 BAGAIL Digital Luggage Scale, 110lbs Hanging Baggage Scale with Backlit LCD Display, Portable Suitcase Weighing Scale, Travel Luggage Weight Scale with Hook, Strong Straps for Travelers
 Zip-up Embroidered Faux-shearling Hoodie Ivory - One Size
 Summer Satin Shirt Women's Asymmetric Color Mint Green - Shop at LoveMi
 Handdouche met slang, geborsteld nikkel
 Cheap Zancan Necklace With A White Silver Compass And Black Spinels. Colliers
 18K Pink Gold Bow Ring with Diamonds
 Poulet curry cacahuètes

⁂

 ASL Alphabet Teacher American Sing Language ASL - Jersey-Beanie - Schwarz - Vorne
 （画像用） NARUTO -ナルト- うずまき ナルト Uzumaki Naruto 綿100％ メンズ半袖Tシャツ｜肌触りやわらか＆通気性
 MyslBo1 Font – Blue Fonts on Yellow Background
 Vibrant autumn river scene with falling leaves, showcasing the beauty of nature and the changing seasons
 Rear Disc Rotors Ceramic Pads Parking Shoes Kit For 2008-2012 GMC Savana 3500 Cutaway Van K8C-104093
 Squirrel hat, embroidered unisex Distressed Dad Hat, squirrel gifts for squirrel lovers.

⁂

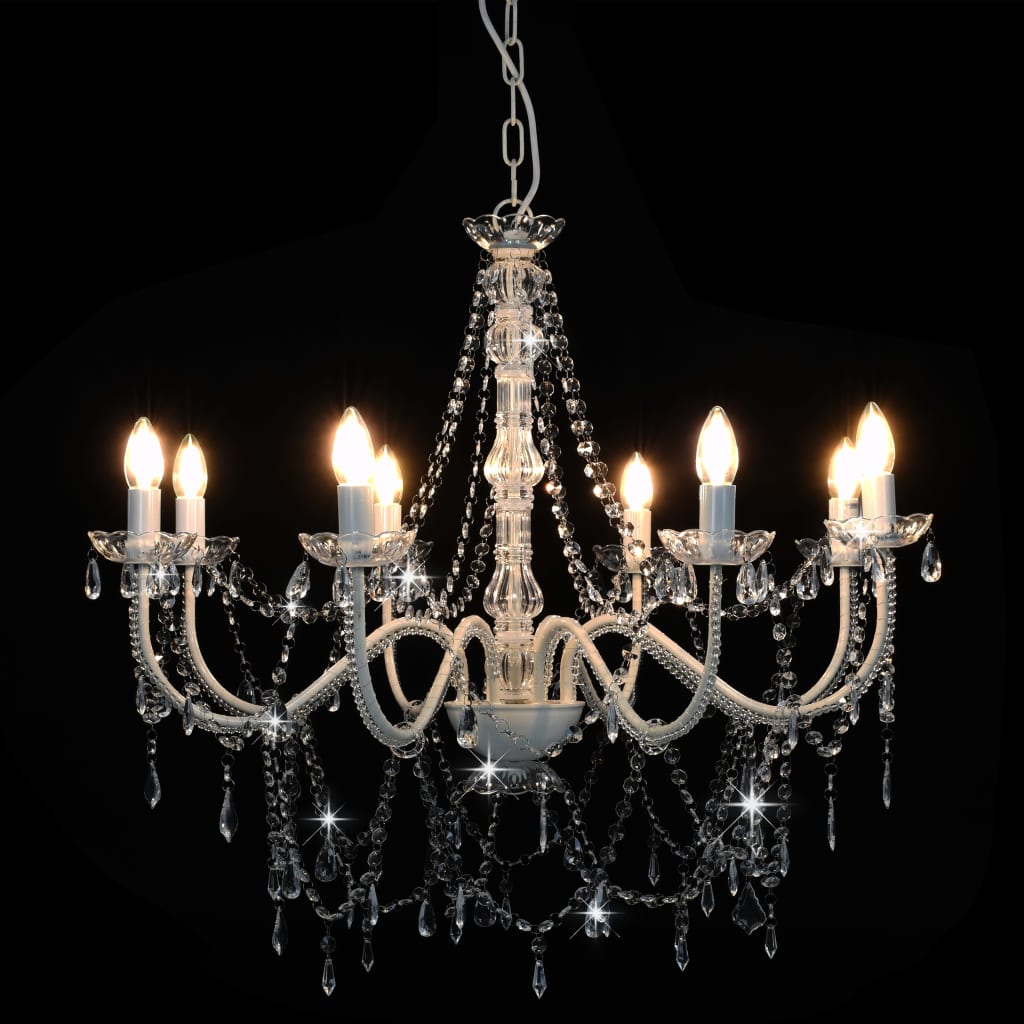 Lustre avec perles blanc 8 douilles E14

⁂

Try it ▸ Output only an exact transcription of the lines above from the one with "18K Pink Gold Bow Ring with Diamonds" up to and including the one with "Poulet curry cacahuètes".

Response area ▸
 18K Pink Gold Bow Ring with Diamonds
 Poulet curry cacahuètes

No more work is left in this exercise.